***: nathani has joined #arpnetworks mhoran: I'm having some funky IO issues on my VPS, anyone else? mike-burns: Update: I wasn't before, but now I am.
Took me a minute to SSH in. mhoran: Maybe something going on with the ceph cluster? brycec: My loadavg is unusually high, seems to stem from time spent waiting on disk IO.
aka "me too"
Oct 04 08:13:47 vps3 kernel: sd 0:0:0:1: [sdb] tag#9 abort
:X
That's my disk from the spinning-rust Ceph pool... -: brycec fires the up_the_irons and mercutio flare ***: up_the_irons2 has joined #arpnetworks
up_the_irons2 is now known as up_the_irons up_the_irons: why do I keep getting booted from the chan ***: up_the_irons is now known as Guest54746 brycec: Because your client isn't identifying to Nickserv before joining the channel, Guest54746 ? Guest54746: but I do have it set to identify
It keeps renaming me brycec: heh, likely because nickserv thinks your nick's in use somewhere on the network, you may have to ghost it to get it back ***: Guest54746 has quit IRC (Quit: WeeChat 1.2) brycec: Anyway, IRC aside, let's get ceph back :) ***: up_the_irons2 has joined #arpnetworks brycec: Not seeing any more kernel disk errors at least, and services are slowly beginning to respond.
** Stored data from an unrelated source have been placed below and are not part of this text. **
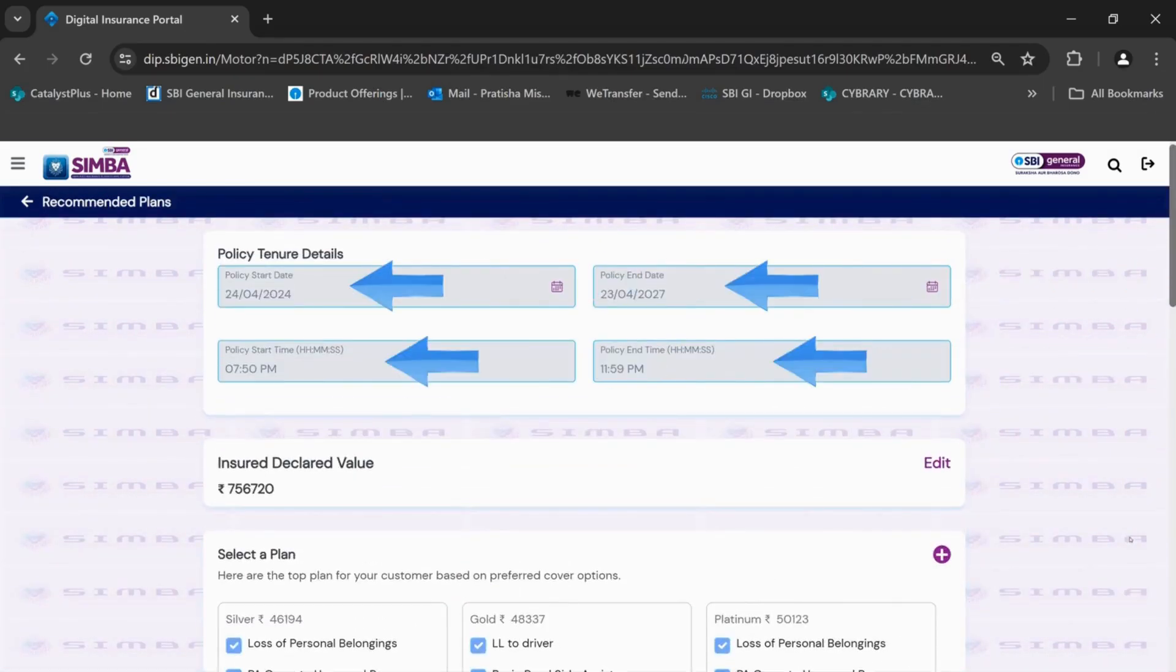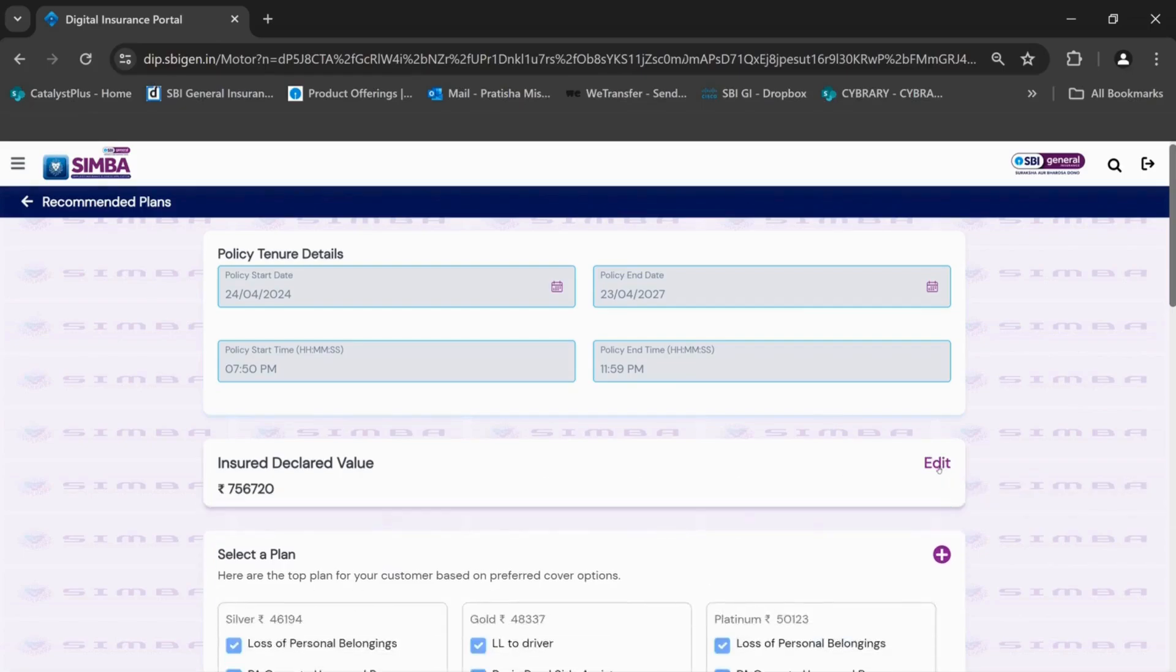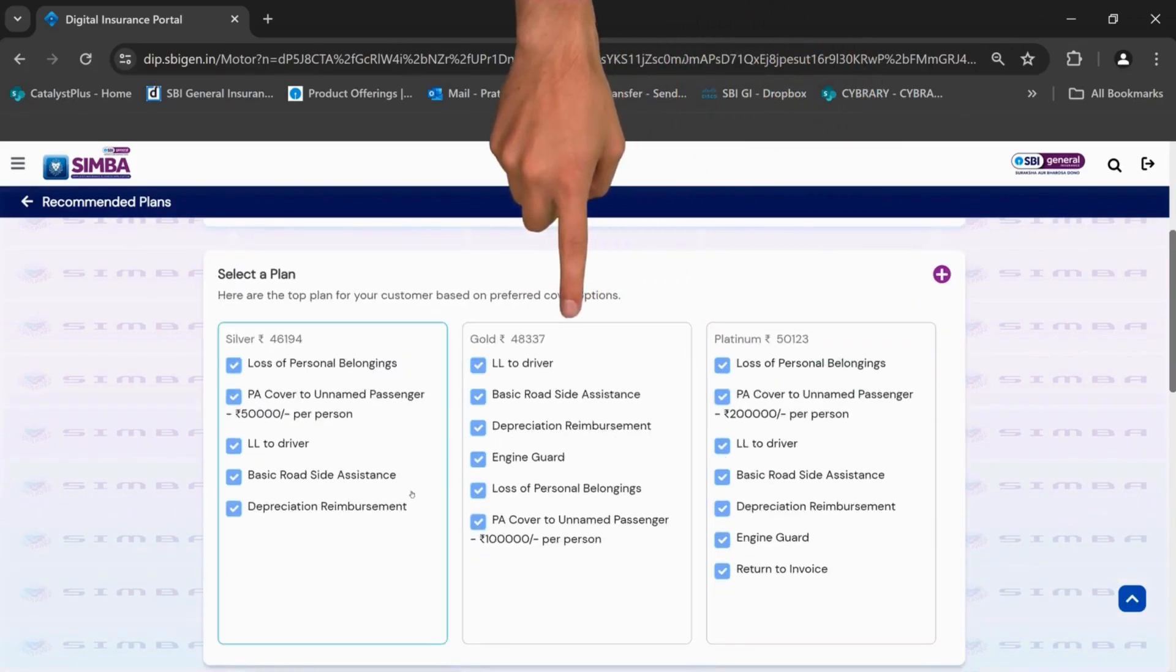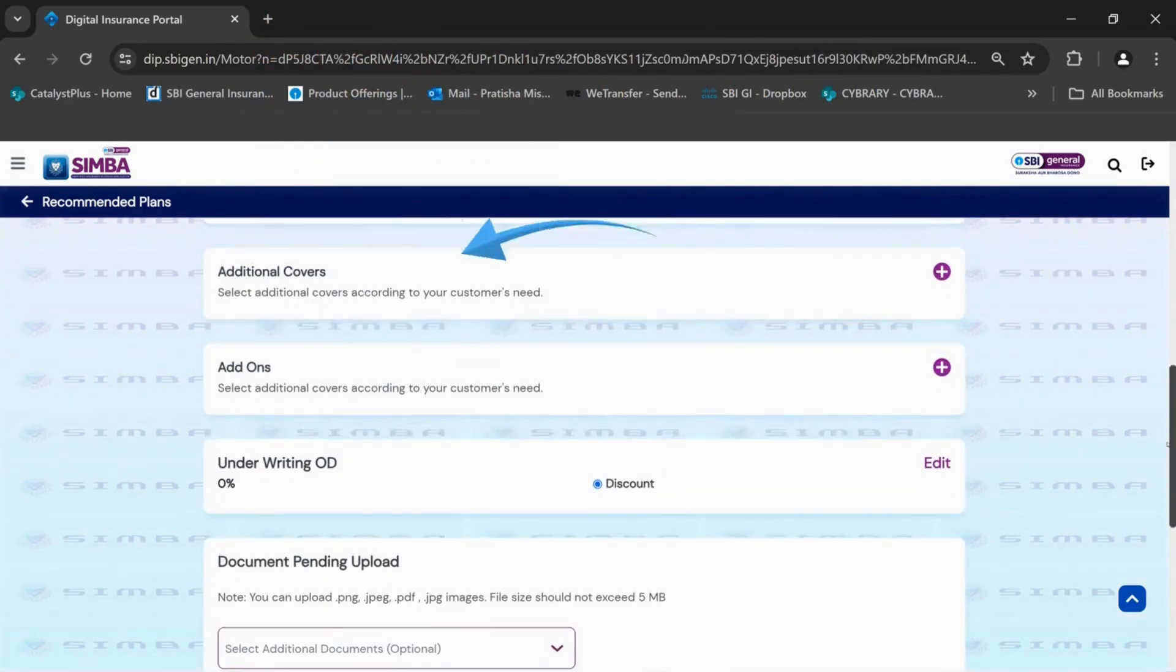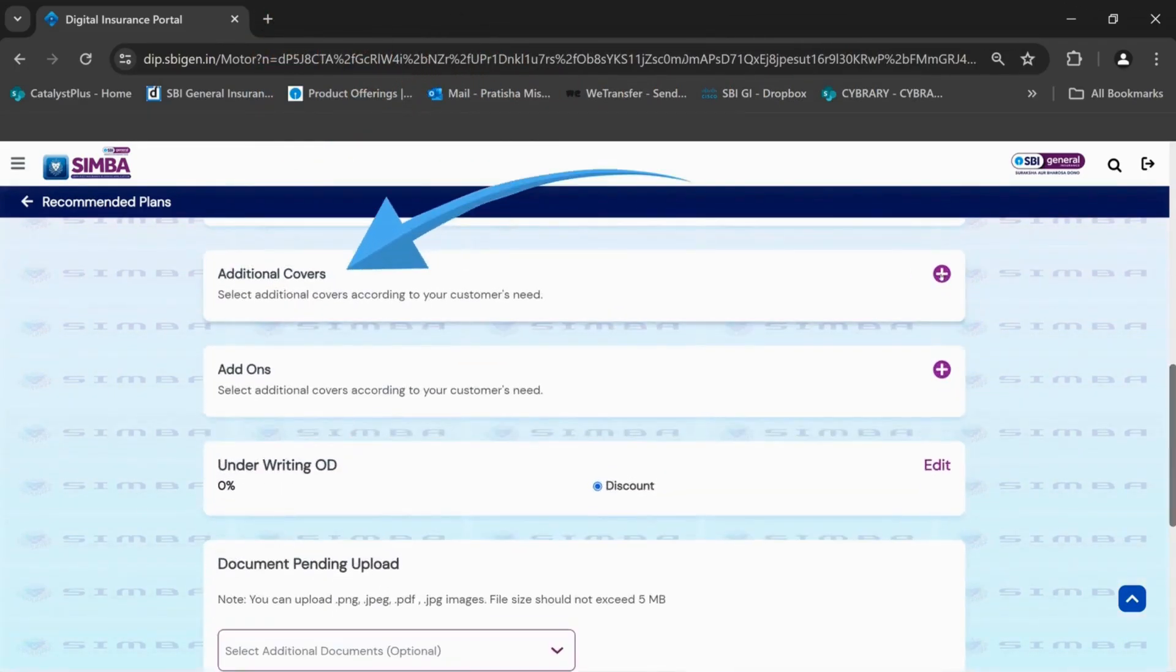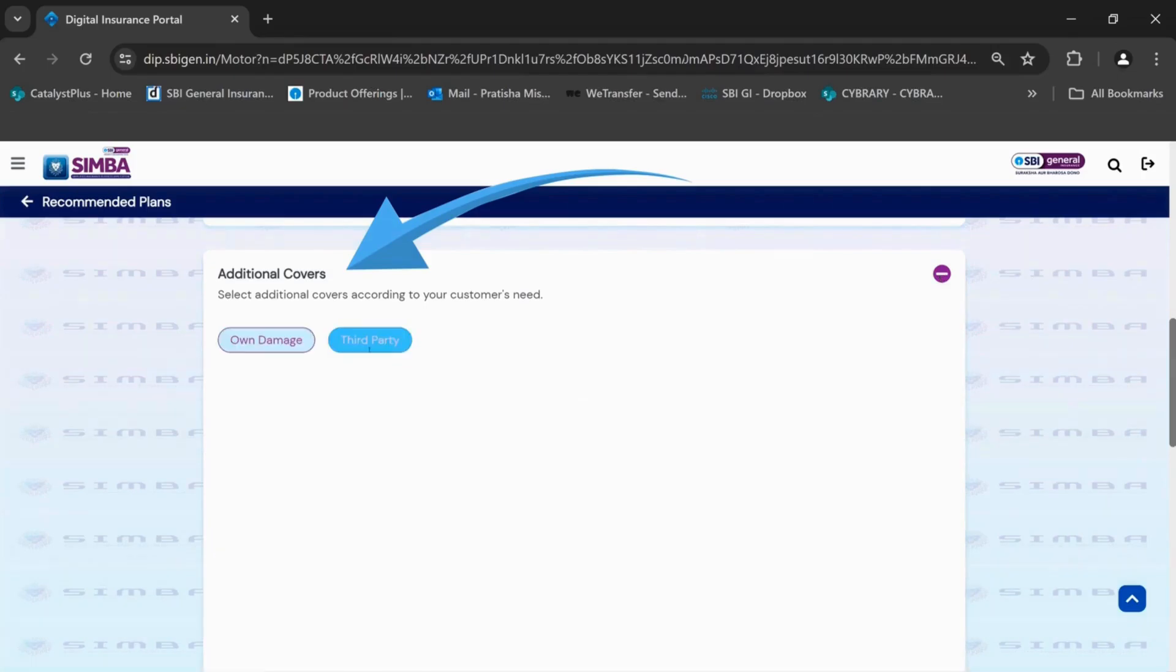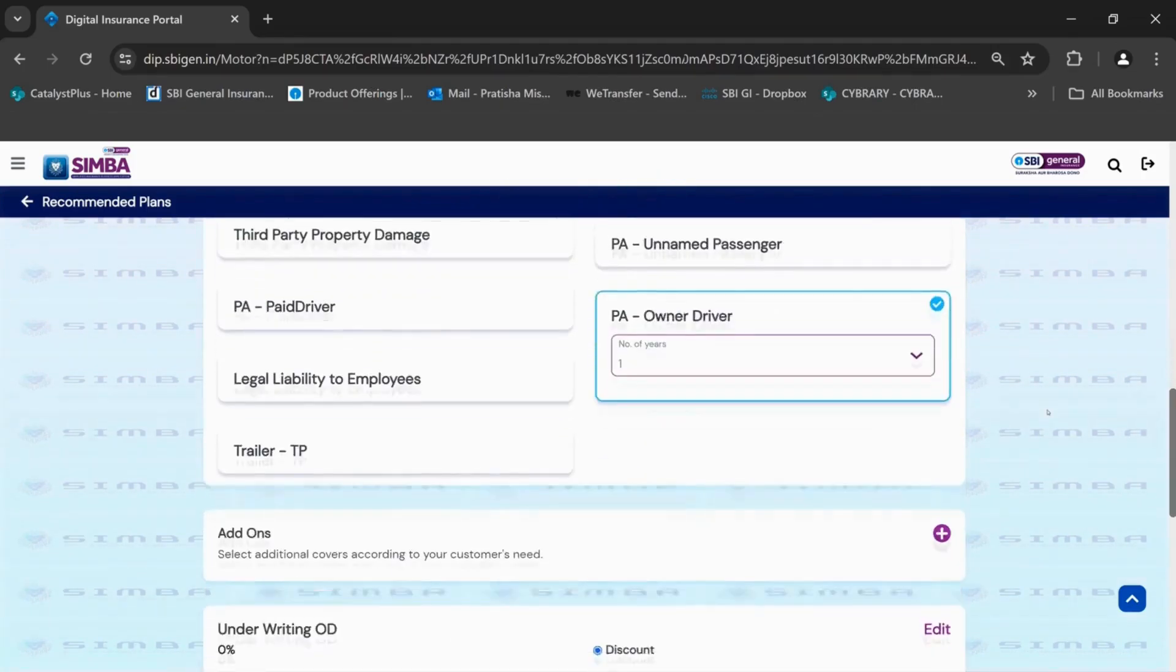The policy tenure details are auto-filled as shown in the screen. The insured declared value will be auto-populated. Sample plans are available for easy selection. Additional covers and add-ons can be selected from the drop-downs as per requirement.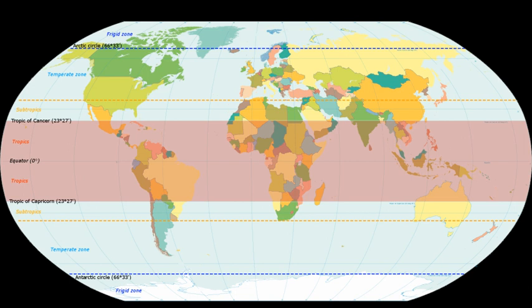The tropics are the region of the Earth surrounding the equator. They are delimited in latitude by the Tropic of Cancer in the Northern Hemisphere at 23 degrees 26 minutes 12.3 seconds or 23.43676 degrees north and the Tropic of Capricorn in the Southern Hemisphere at 23 degrees 26 minutes 12.3 seconds or 23.43676 degrees south.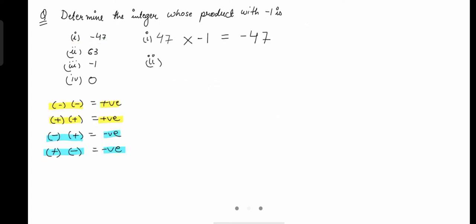In the second question, we have to find a number which when multiplied by negative 1 gives positive 63. Since we are getting positive 63, it is clear that we have to multiply with a negative number — negative times negative gives positive. So we need to choose a negative number such that the answer is positive. The number should be negative 63, because negative times negative gives a positive answer.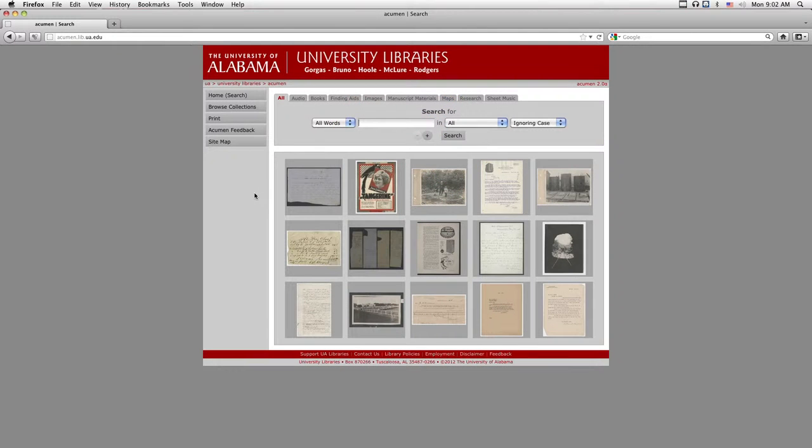The University of Alabama's digital collections can be accessed through the Acumen website. This video covers the basic navigation of Acumen.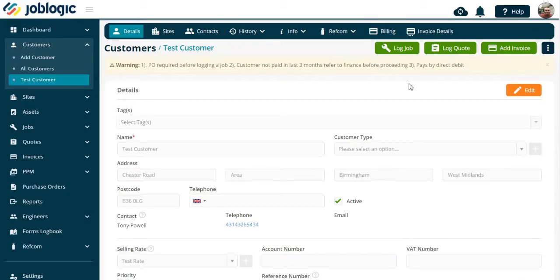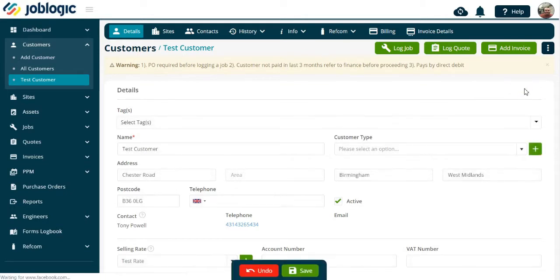Welcome to this tutorial on how to assign a template to a customer. Select the customer you wish to assign a template to. Now select Edit Customer, as indicated from the main details screen.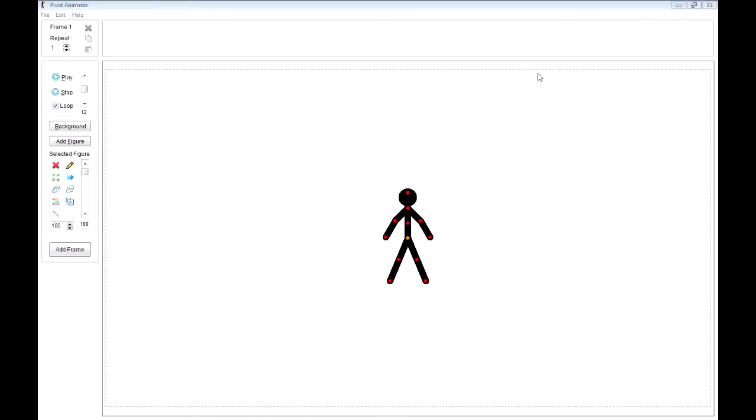Alright, so I'm doing this video by request. It's just to quickly show how I did my little stick figure animations. Honestly, there's not necessarily a whole lot to show, as you will find out. It's actually incredibly simple to do this.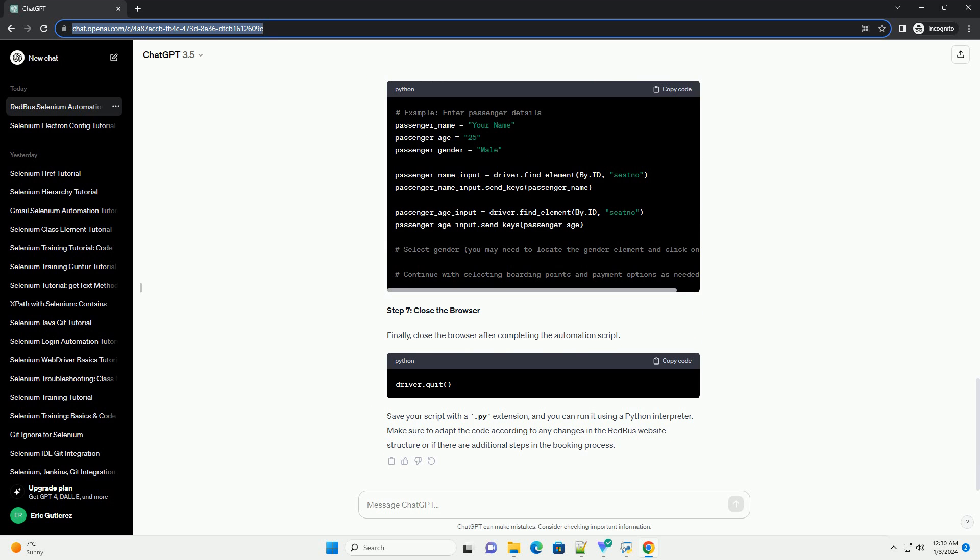Step 7: Close the Browser. Finally, close the browser after completing the automation script.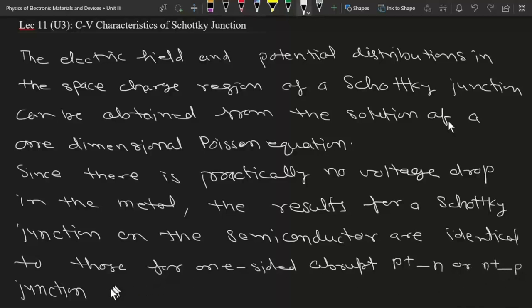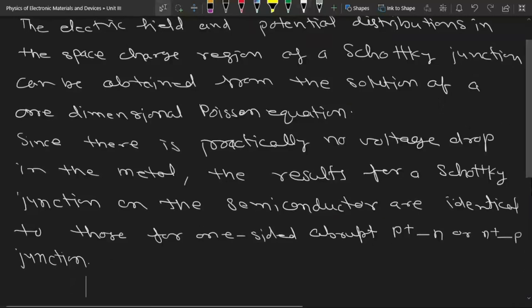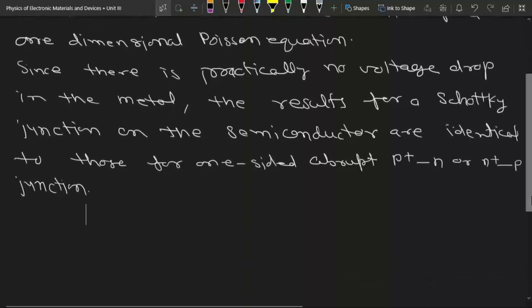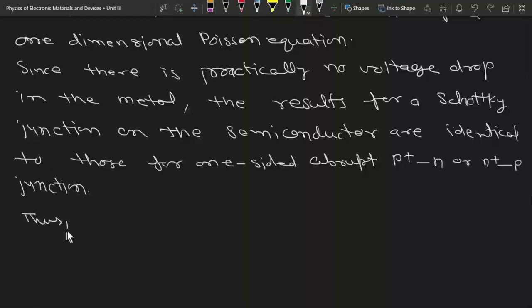So here we can use the depletion approximation directly, and by that approximation we can estimate the value of electric field, potential, and width of the depletion region.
Hooray up_the_irons2: I'm seeing the same on my end
A failing disk was finally kicked out of the cluster
and the cluster is rebalancing...
the failed disk is in the SATA pool, so the SSD pool _shouldn't_ have been affected brycec: (I only noticed it in the SATA pool, fwiw) up_the_irons2: Roger that
How's things looking for others?
Cluster is almost completely rebalanced brycec: (Rebalancing is magic)
(Also, don't let your datacenter hands/monkeys *not* label drives... I pulled 4 drives before I found the right ones. Thank goodness for rebalancing.) mike-burns: Things seem to be back to normal-ish. up_the_irons2: Of course, everything is labeled ***: ziyourenxiang_ has quit IRC (Ping timeout: 268 seconds)
ziyourenxiang_ has joined #arpnetworks